The vegetation in Sicily is eminent for its luxuriant loveliness. Flowers, plants, and shrubs attain a greater height and magnitude than we find elsewhere. I saw here numerous species of aloes, which we cultivate laboriously in hot-houses, growing wild, or planted as hedges around gardens. The stems, from which blossoms burst forth, often attain a height of from twenty to thirty feet. Their flowering season was already past.
October 10th.
After a sojourn of five days I bade farewell to Palermo, and took my departure in wet weather. This was the first rain I had seen fall since the 20th of April. The temperature remained very warm; on fine days the thermometer still stood at 20 or 22 degrees Reaumur in the sun at noon.
The vessel on which I now embarked was a royal mail-steamer. We left Palermo at noon; towards evening the sea became rather rough, so that the spray dashed over me once or twice, although I continually kept near the steersman.

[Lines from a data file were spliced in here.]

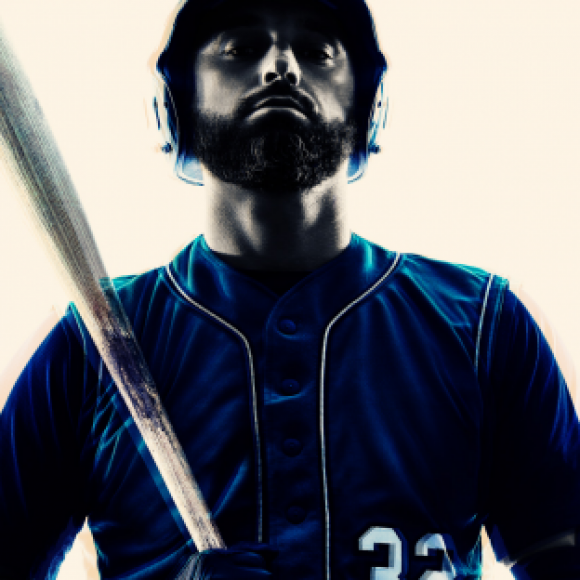 Profile picture of Vishnu Prasath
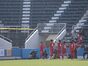 試合シーン04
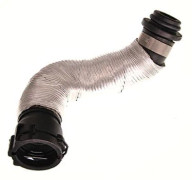 MAXGEAR KYLARSLANG BMW 1 E81 3 E90 X1 05-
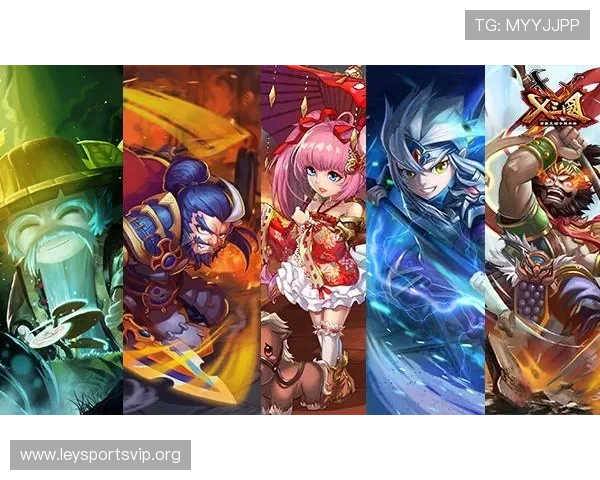 网页版九游:简化操作界面让玩家轻松上手享受极致游戏体验 网页版九游:简化操作界面让玩家轻松上手享受极致游戏体验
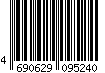 4690629095240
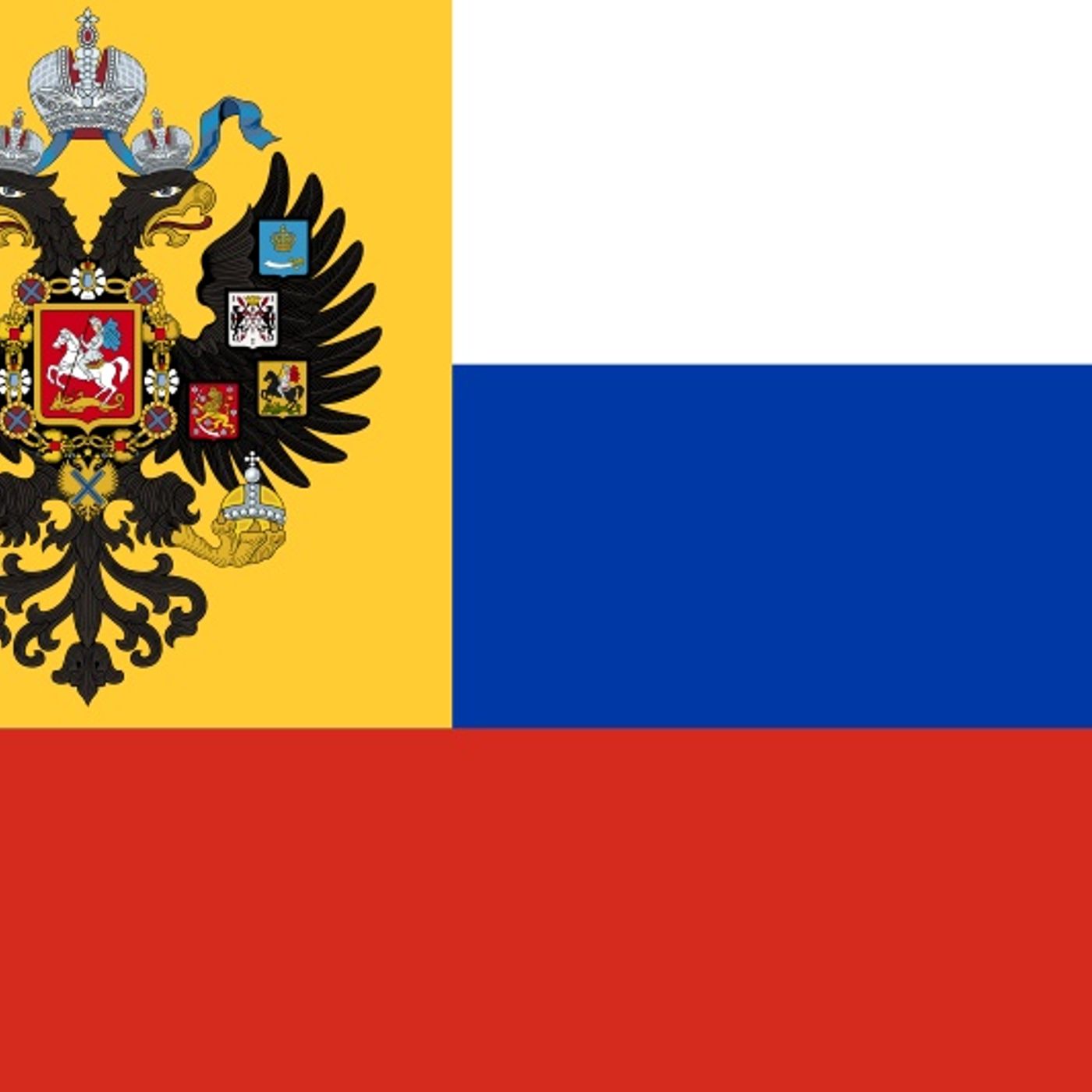 La Guerra Grande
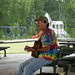 Rick Hudson Photo 37
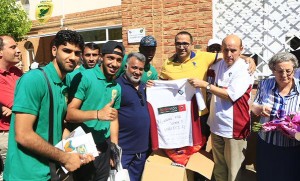 أشهر-صور-سيلفي-18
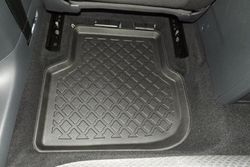 ALFOMBRAS "3D" TPE HABITACULO 602637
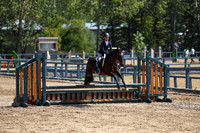 25935 - Mckenna - 2026 Rocky Mountain Classic II - Saturday August 15th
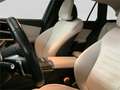 Mercedes-Benz GLC 300 e 4MATIC - thumbnail 2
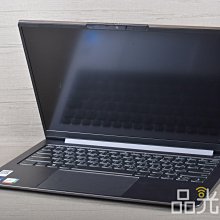 【品光數位】LENOVO ThinkBook 14 G4 i7-1260P 14吋 16G 256G 內顯 #123261T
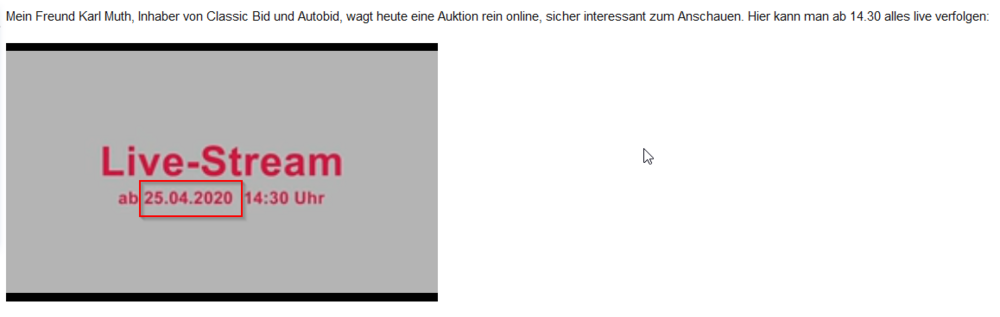 upload_2020-5-23_14-47-55.thumb.png.988b980442cfdf7c02dae831bc1225a7.png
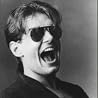 Image of Falco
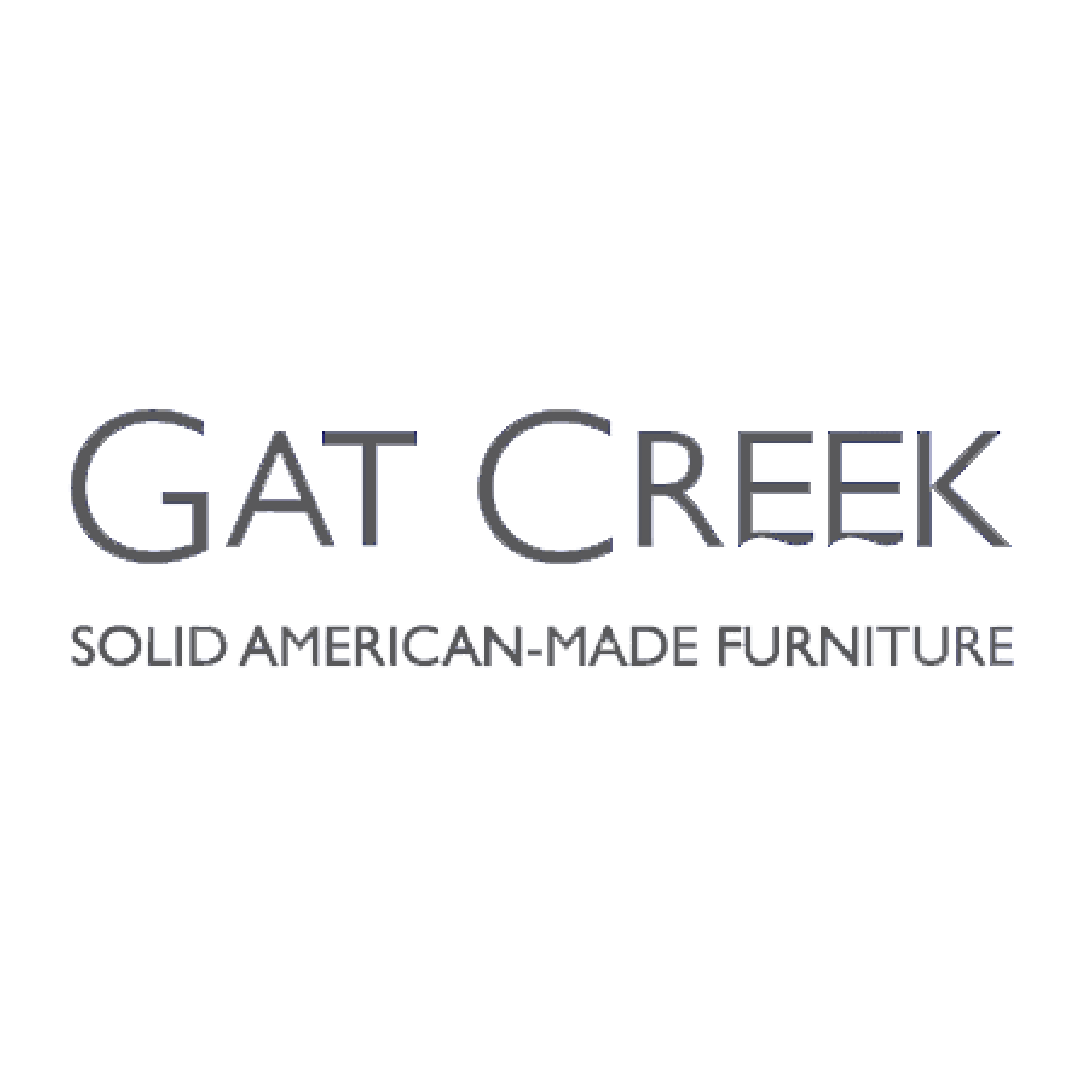Entertainment furniture mn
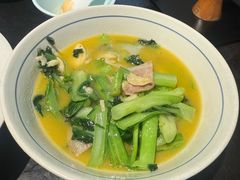 -花迹(富春江东街店)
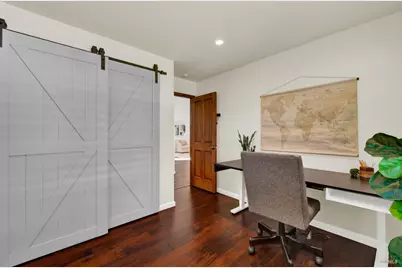 506 Walnut Court, Fairfield, CA 94534 - Photo 50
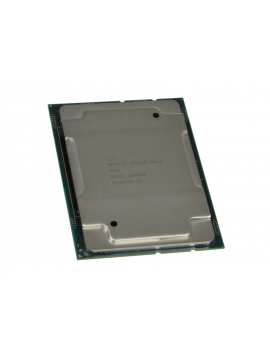 Intel Xeon Gold 5122 SR3AT 3,6-3,7GHz 4c/8t LGA3647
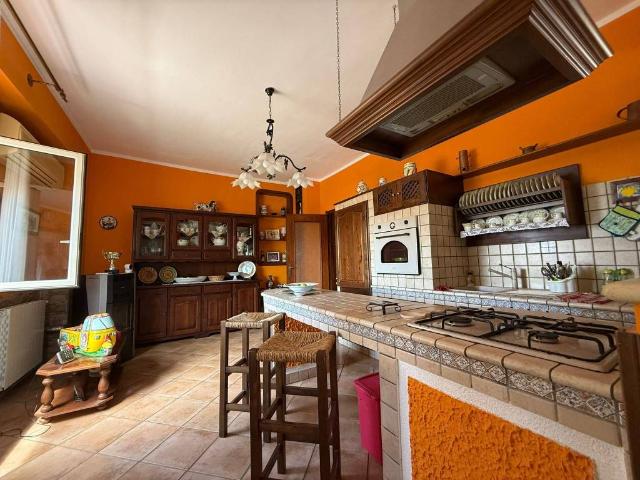 Appartamento in vendita a Palermo PA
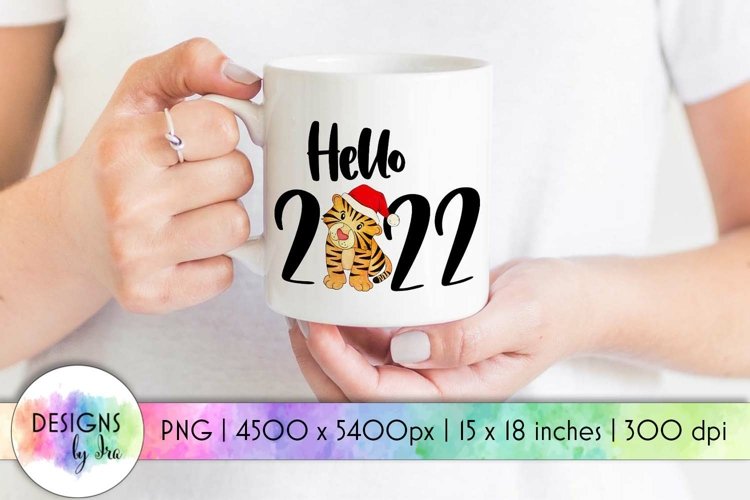 New Sublimation Designs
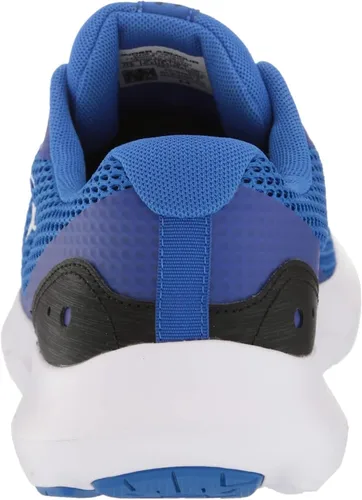 Miniatura 3 de Under Armour Surge 3 - Tenis de correr para hombre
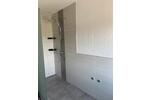 Einfamilienhaus Bergen - 350.000&euro; | Angebot:26693998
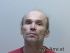 William Downer Arrest Mugshot Habersham 09/06/2012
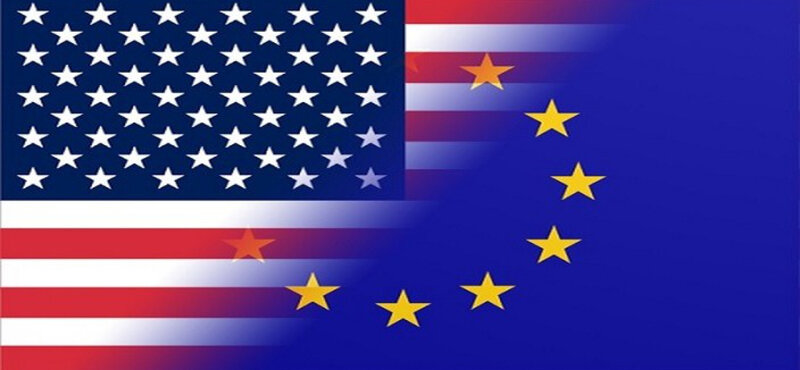 americain_europe-1728x800_c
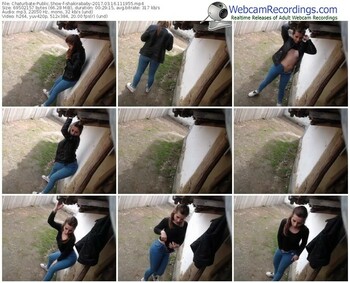 chaturbate-shakirababy-webcam-show-03_16_2017-11_19_55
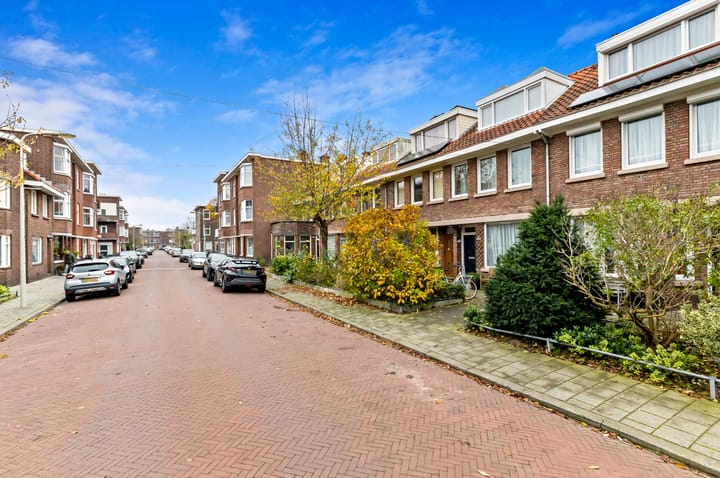 Foto 34 van Rodenbachstraat 29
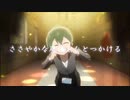 【複合mad】テオ  part2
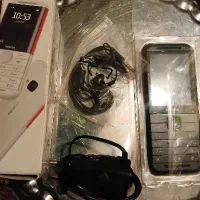 موبایل نوکیا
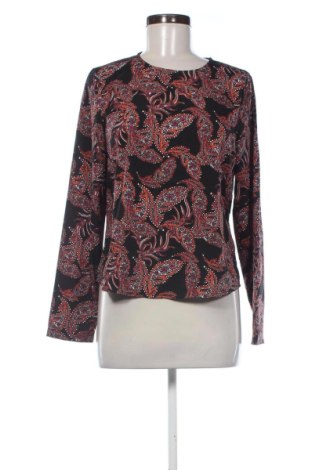 Dámska blúza Vero Moda, Veľkosť S, Farba Viacfarebná, Cena  24,95 €, #137186215
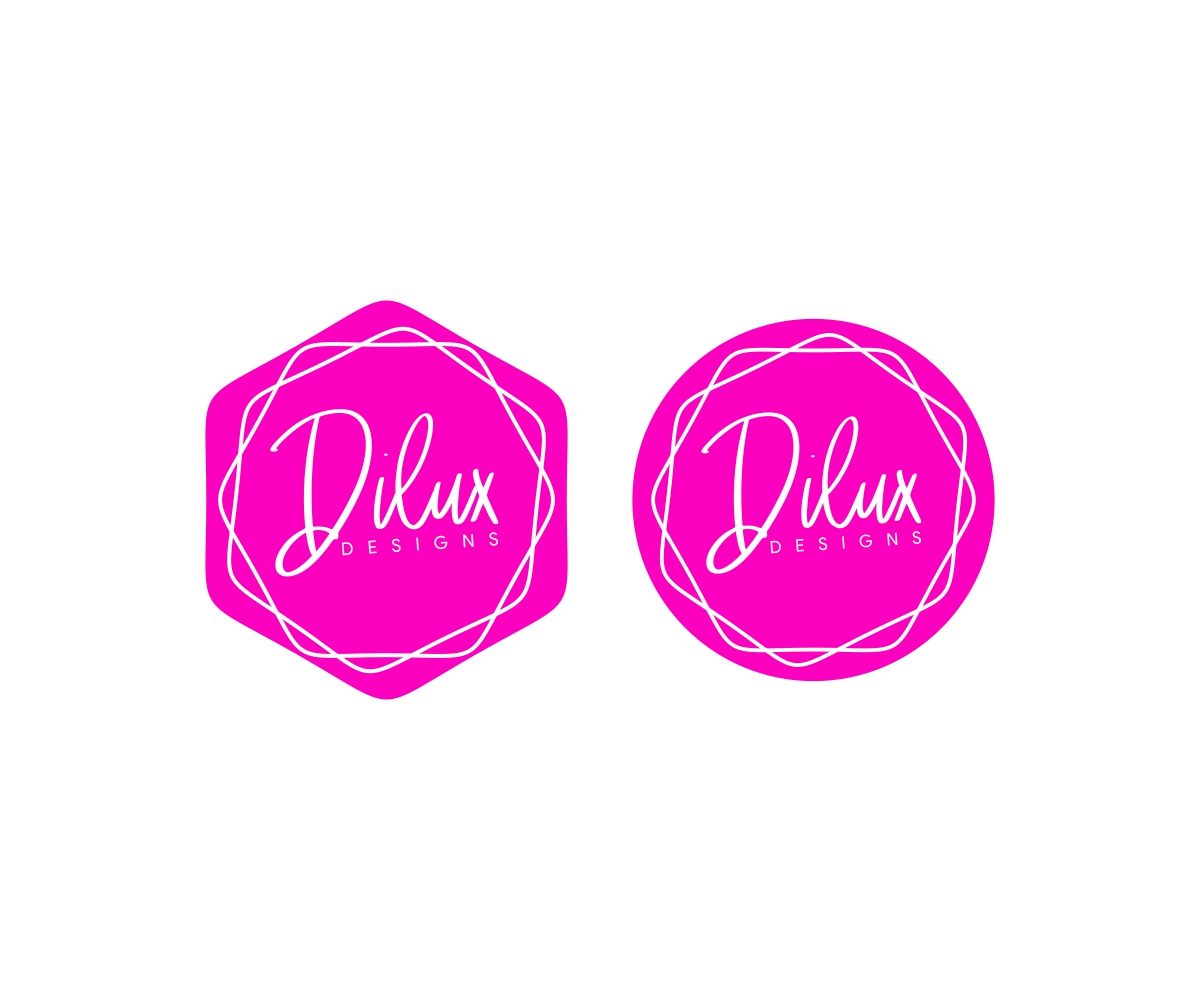 Logo-Design von Liyana für dieses Projekt | Design #18176661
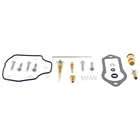 New Balls Carburetor Rebuild Kit 26-1314 For Yamaha TW200 Trailway 87-00. Price: $56.24.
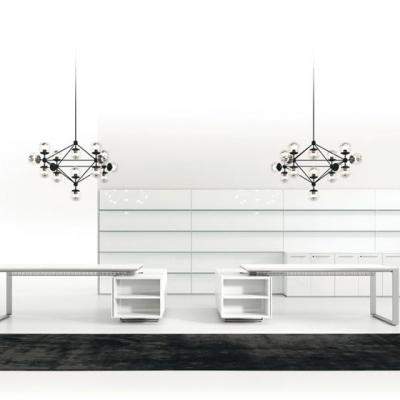 15 birouri pentru locuinta ta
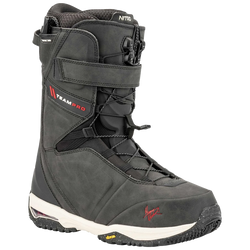 Nitro 2025 Team Pro MK TLS Snowboard Boots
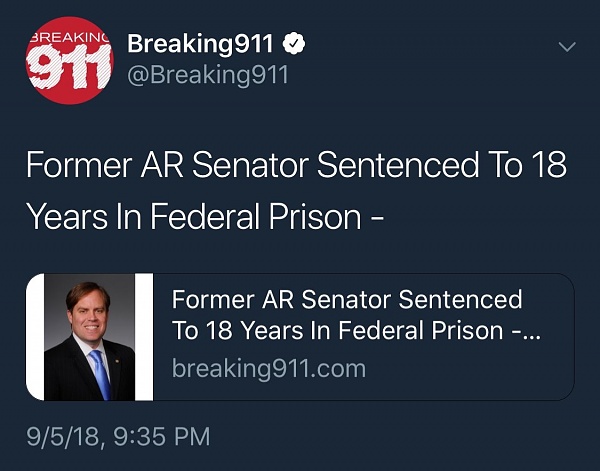 Click image for larger version

Name:	image.jpg
Views:	30
Size:	121.3 KB
ID:	39009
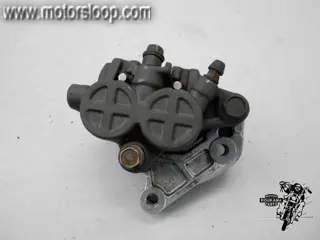 Honda VF1000F2(SC15) Remklauw rechts voor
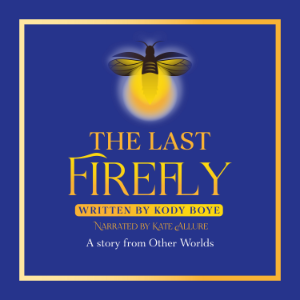 The Last Firefly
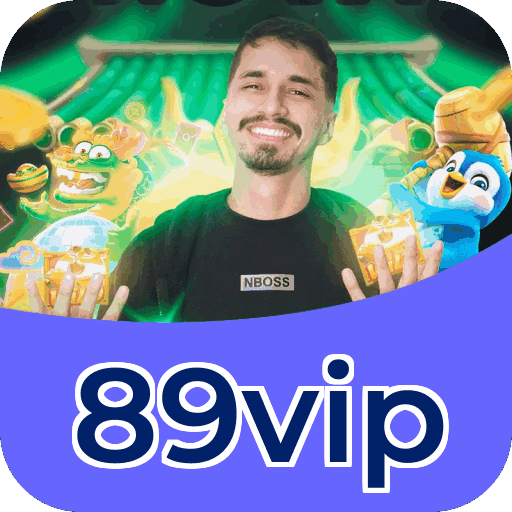 89vip APK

At the commencement of our journey nothing was to be seen but sky and water. But the next day, as we approached the Neapolitan coast, island after island rose from the sea, and at length the mainland itself could be discerned. Capri was the first island we approached closely. Soon afterwards my attention was drawn to a great cloud rising towards the sky; it was a smoky column from the glowing hearth of Vesuvius. At length a white line glittered on the verge of the horizon, like a band through the clear air. There was a joyful cry of “Napoli! Napoli!” and Naples lay spread before me.
CHAPTER XIX.
Sojourn at Naples—Sickness—Laziness
of the people—Royal palace—
Rotunda—Strada Chiaga and Toledo—St.
Carlo Theatre—Largo del
Castello—Medina square—Marionettes—St.
Jesu Nuovo—St. Jesu
Maggiore—St. Maria di Piedigrotta—Public
gardens—Academy “degli
Studii”—Cathedral of St. Januarius—St.
Jeronimo—St. Paula
Maggiore—St. Chiara—Baths of
Nero—Solfatara—Grotto “del
Cane”—
Resina—Ascent of Vesuvius—Caserta.
My imagination was so powerfully excited, I may say over-excited, by the accounts I had heard and read concerning this fairy city, that here once more my expectations were far from being realised. This was, perhaps, partly owing to the circumstance that I had already seen Constantinople and had just quitted Palermo, the situation of which latter town had so enchanted me that my enthusiasm was here confined within very narrow bounds, and I felt inclined to prefer Palermo to Naples.